Your task:
Return only what runs from the line containing "Other KAWS BFF" through the last line of the entries below, exactly, omitting pictures.

Recorded information:
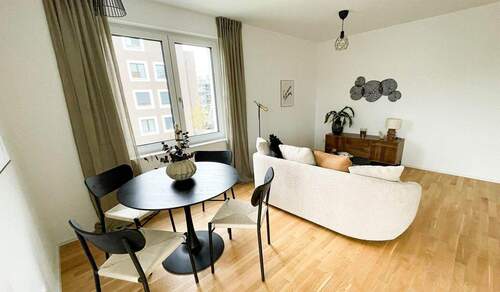 Wohn-/Essbereich - 4 Zimmer Etagenwohnung zum Kaufen in Köln-Weidenpesch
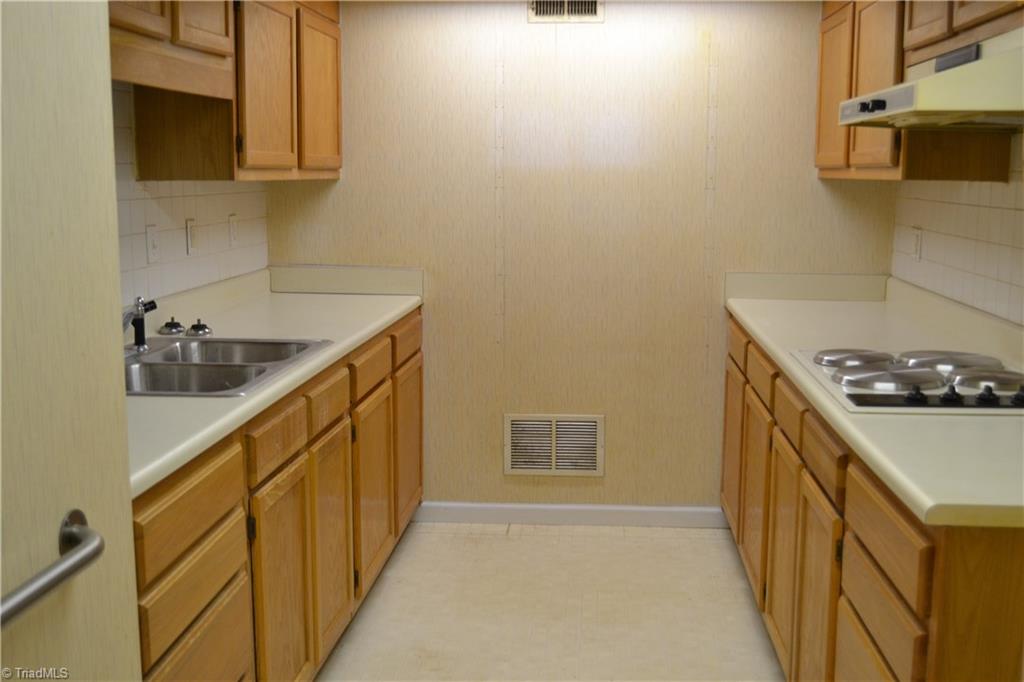 4231 Witherow Road Winston-Salem, NC 27106 - Photo 19 of 21 Gallery Image 19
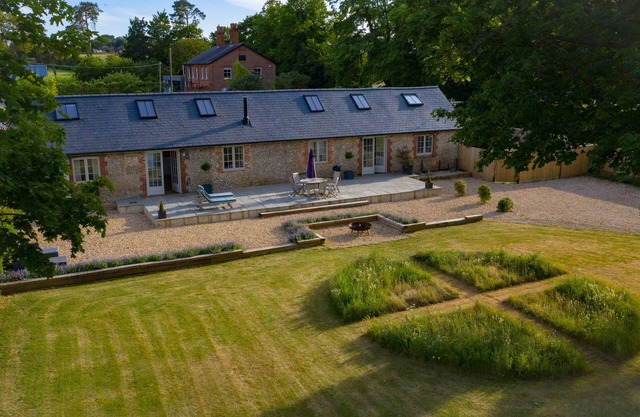 Stunning 19th century barn conversion in gorgeous Hampshire countryside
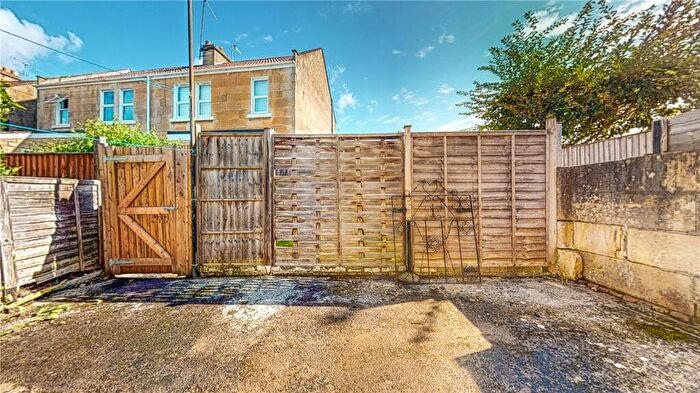 6 Bedroom House To Rent In Third Avenue, BA2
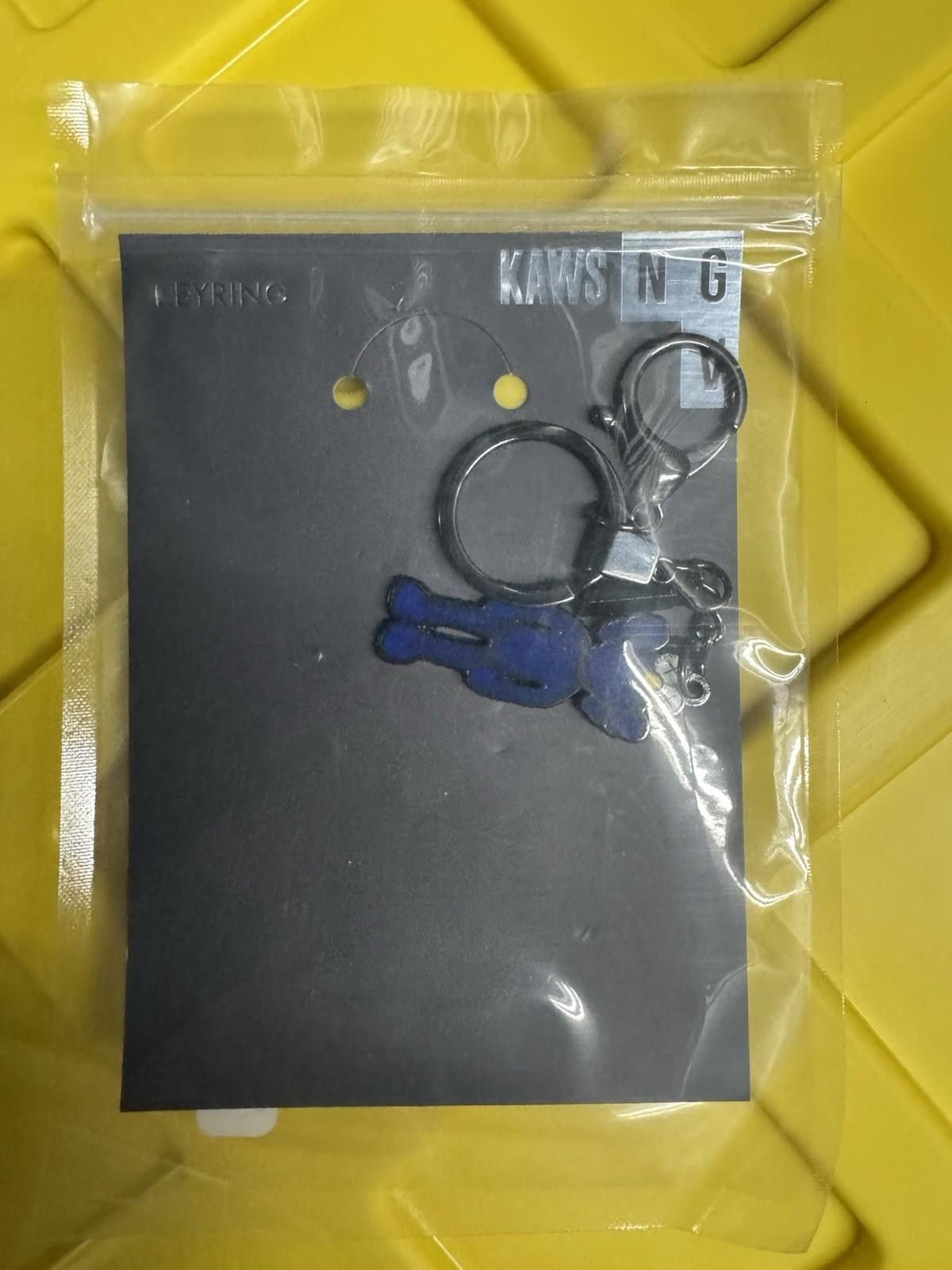 Other KAWS BFF Keychain 2019 NGV Australia Exclusive Size ONE SIZE - 2 Thumbnail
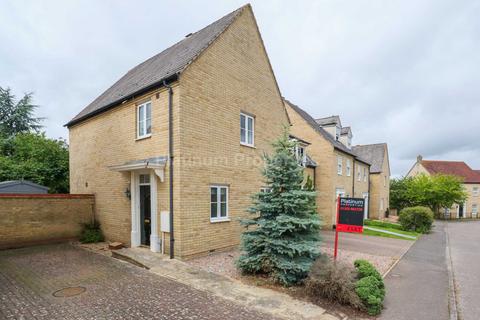 4 bedroom link detached house to rent, Brooke Grove, Ely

Exercise answer:
 Other KAWS BFF Keychain 2019 NGV Australia Exclusive Size ONE SIZE - 2 Thumbnail
 4 bedroom link detached house to rent, Brooke Grove, Ely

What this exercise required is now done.